Look into the eyes:
When I was a youth one of our amusements was telling each other ghost stories.  There weren’t as many diversions then as now.  One friend was describing a scene and said that the people saw a bat, “With a crazy look in its eyes.”  Well he lost me right there and then.  So far as I was concerned looking into a person’s eyes told you absolutely nothing about what was going on behind them. 

I later learned that this is not strictly true.  With careful testing some things can be detected.  Some people with severe emotional problems have poor motion pursuit.  The study that always intrigued me the most was one in which the subject was placed in a dark room and shown a single point of white light.  The task was to trace out on a piece of paper the path the light took.  Normal people would trace out a wandering random pattern.  Those emotionally challenged would draw either a single point of a tight little pattern.  In fact the light was not moving at all.  There’s a lesson in there somewhere, but I haven’t a clue what it is.

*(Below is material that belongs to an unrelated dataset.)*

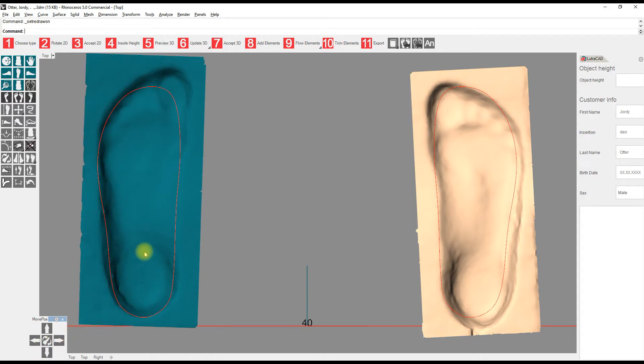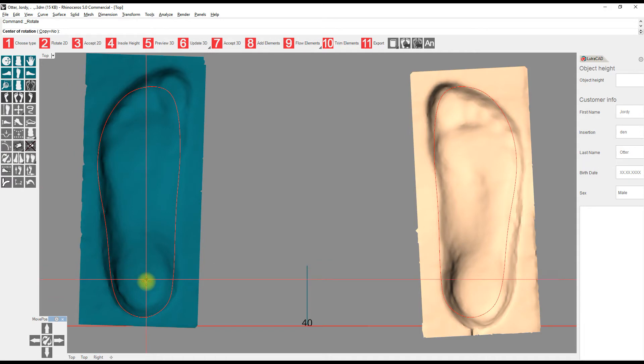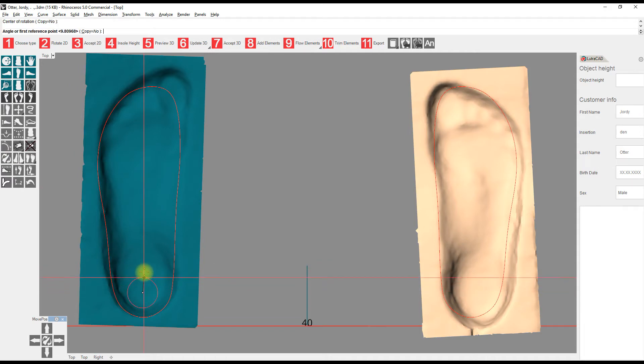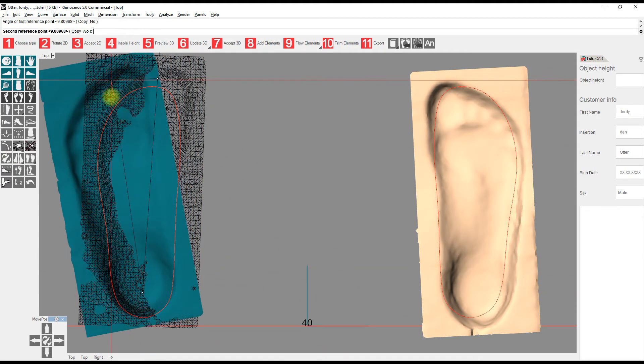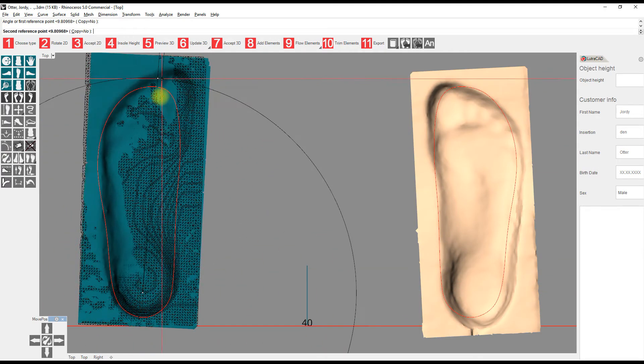It is possible that the scan needs to be rotated as well, which can be done by the rotate button on the left. For this, the software needs 3 points: Center point of rotation, reference point, and end point.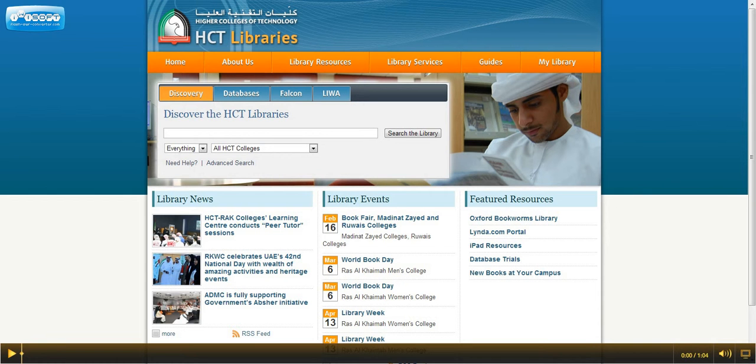Welcome to HCT Library's 1-Minute Guides on downloading eBooks from Discovery. You can download eBook chapters from Discovery to read on your computer at home.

It now turns out (Avoidence of Eye Contact in Autism NATURE vol. 503 no. 7474 November 7, 2013 page 41 reviewing W. Jones and A. Klin doi:10.1038/nature12715) that there is a preliminary suggestion that children with autism spectrum disorder begin to make eye contact less than normal children beginning at age two months.  My own experience is that less than half of the people I encounter in a day is likely to make eye contact, maybe one in ten.  Women do it more than men and a woman with a male escort will do so at least half the time.  Perhaps I am surrounded by a sea of abnormals.  Or maybe I am the abnormal one and make eye contact more than is appropriate.   

I do have a sneaking suspicion that autism is on the rise because of the stampede to outbreed that so marks our society.  An early appearance of a sign at least does not disprove the possibility.